Data for review:

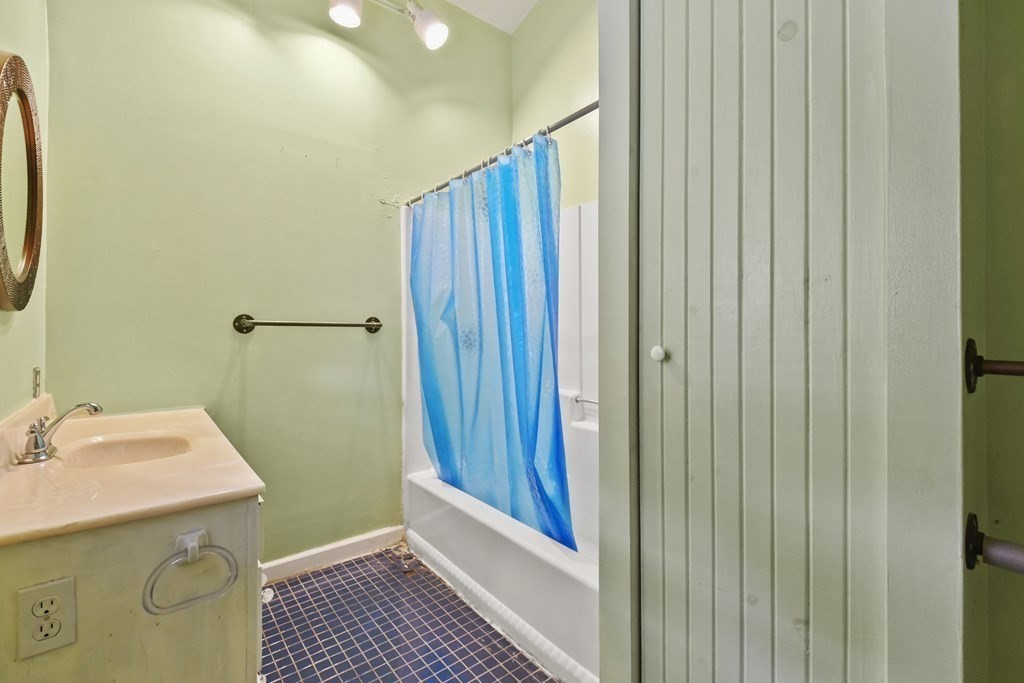 24 Bernard Road Grafton, MA 01536 - Photo 15 of 27 Gallery Image 15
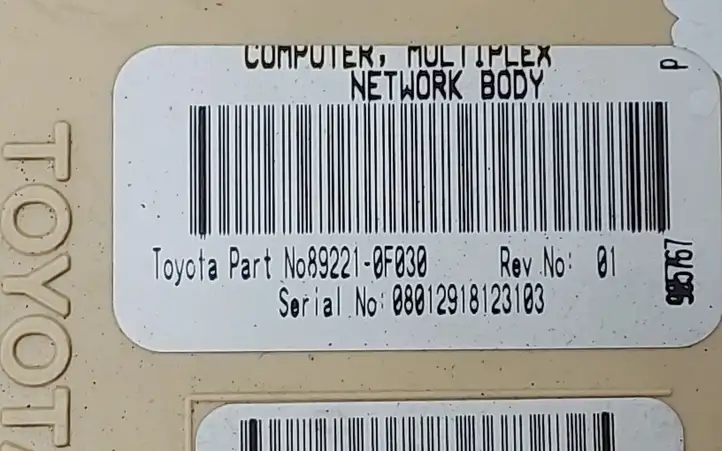 Toyota Corolla Verso AR10 (2004 - 2009) 892210F030 Блок предохранителей — фото 4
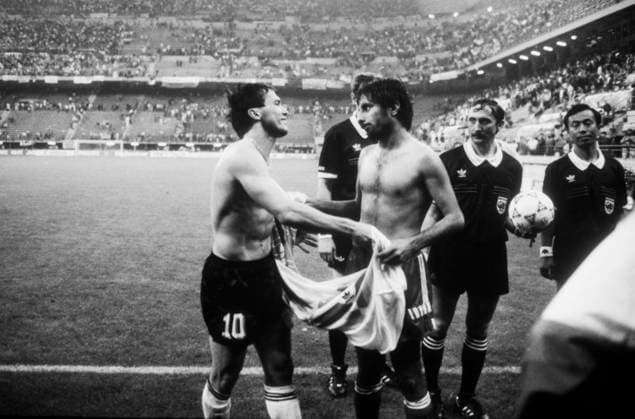 Fußball-Weltmeisterschaft 1990 Lothar Matthäus (Deutschland, li.) und Abdullah Abdulrahman Mohamed (VAE) tauschen nach dem Vorrundenspiel bei der Fußball-WM 1990 in Italien ihre Trikots. Mailand Lombardei Italien *** Football World Cup 1990 Lothar Matthew Germany, left and Abdullah Abdul Rahman Mohamed UAE exchange After the Preliminary round game at the Football World Cup 1990 in Italy theirs Jerseys Milan Lombardy Italy Copyright: xUnitedxArchivesx xSvenxSimonxSportx SVS_95010000206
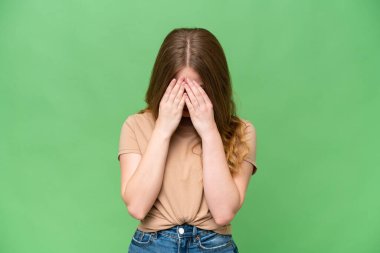 Tecrit edilmiş, yorgun ve hasta bakışlı genç ve güzel bir kadın.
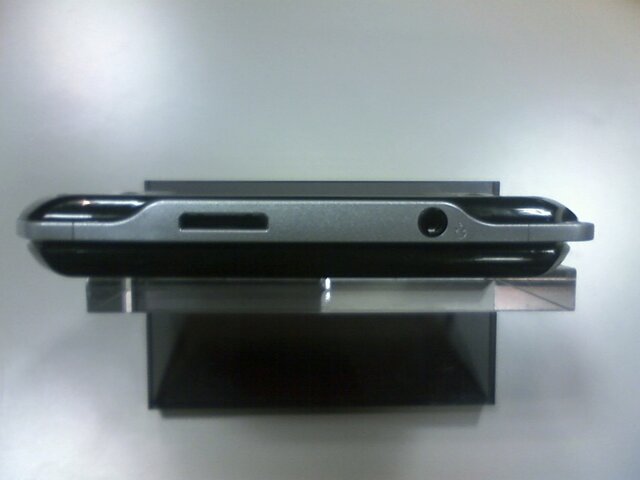 「PSP誕生時からUMDを外す案はありました」PSP go開発インタビュー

Directions for this task: Could you output all the entries above exactly as written, leaving out the pictures?

Answer section:
 24 Bernard Road Grafton, MA 01536 - Photo 15 of 27 Gallery Image 15
 Toyota Corolla Verso AR10 (2004 - 2009) 892210F030 Блок предохранителей — фото 4
 Fußball-Weltmeisterschaft 1990 Lothar Matthäus (Deutschland, li.) und Abdullah Abdulrahman Mohamed (VAE) tauschen nach dem Vorrundenspiel bei der Fußball-WM 1990 in Italien ihre Trikots. Mailand Lombardei Italien *** Football World Cup 1990 Lothar Matthew Germany, left and Abdullah Abdul Rahman Mohamed UAE exchange After the Preliminary round game at the Football World Cup 1990 in Italy theirs Jerseys Milan Lombardy Italy Copyright: xUnitedxArchivesx xSvenxSimonxSportx SVS_95010000206
 Tecrit edilmiş, yorgun ve hasta bakışlı genç ve güzel bir kadın.
 「PSP誕生時からUMDを外す案はありました」PSP go開発インタビュー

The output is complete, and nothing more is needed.